Gubernur Jakarta Basuki Tjahaja Purnama (Ahok) mengajukan uji materi Pasal 70 ayat 3 UU Nomor 10 Tahun 2016 tentang pemilihan Kepala Daerah, agar dirinya tidak diwajibkan cuti selama masa kampanye. Politisi Gerindra Habiburokman mengajukan intervensi (permohonan menjadi pihak terkait) untuk mengganjal keinginan Ahok tersebut.
“Kami masuk sebagai intervensi ke MK untuk menolak permohonan Ahok. Nanti kita lihat pertarungan Gubernur dan Wakil Guberjur seperti apa. Penyalahgunaan jabatan itu rentan sekali selama dia masih menjadi Gubernur," ujar kordinator Advokat Cinta Tanah Air (ACTA) Kris Ibnu T usai mendaftar permohonan sebagai intervensi di Gedung MK, Jakarta, Senin (08/08).
ACTA mengaku diberi kuasa oleh Habiburokhman untuk mengajukan permohonan Intervensi. ACTA memohon kepada MK agar dikabulkan sebagai pihak terkait dalam perkara itu.
Menurut ACTA, kewajiban cuti bagi petahana adalah untuk membuat iklim demokrasi yang fair dalam proses transisi pilkada. Sehingga antara petahana dan penantang baru sama-sama memiliki peluang yang sama.
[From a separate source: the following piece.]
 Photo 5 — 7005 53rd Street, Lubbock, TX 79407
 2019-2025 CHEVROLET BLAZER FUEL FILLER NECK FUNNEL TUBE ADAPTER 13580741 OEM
Dengan tidak cutinya Ahok, maka dinilai ia memiliki peluang untuk tidak bersikap fair. Sebagai Gubernur, Ahok bisa menggunakan sarana dan prasarana hingga berbagai kemungkinan lain guna memenangkan dalam pilkada itu. "Selama ini kan petahana selalu muncul di TV. Dia kan di shoot kegiatan-kegiatan. Kalau sudah nggak menjabat kan nggak dishoot," ujar Kris.
Dalam gugatannya, Ahok beralasan akan mengawal proses APBD DKI Jakarta. Dengan kewajiban cuti, maka Ahok tidak yakin proses ABPD akan berjalan secara maksimal. Menurut Ahok, seharusnya aturan itu memberi pilihan kepada setiap kepala daerah, bukan memaksa mengajukan cuti kampanye.
Ahok mengatakan tak mau cuti kampanye karena rangkaian pemilihan Gubernur Jakarta pada September 2016-Februari 2017 bentrok dengan pembahasan anggaran. “APBD itu sebuah sistem. Kalau gubernur nggak ada, kan Kemendagri akan menunjuk Plt," ujar Kris.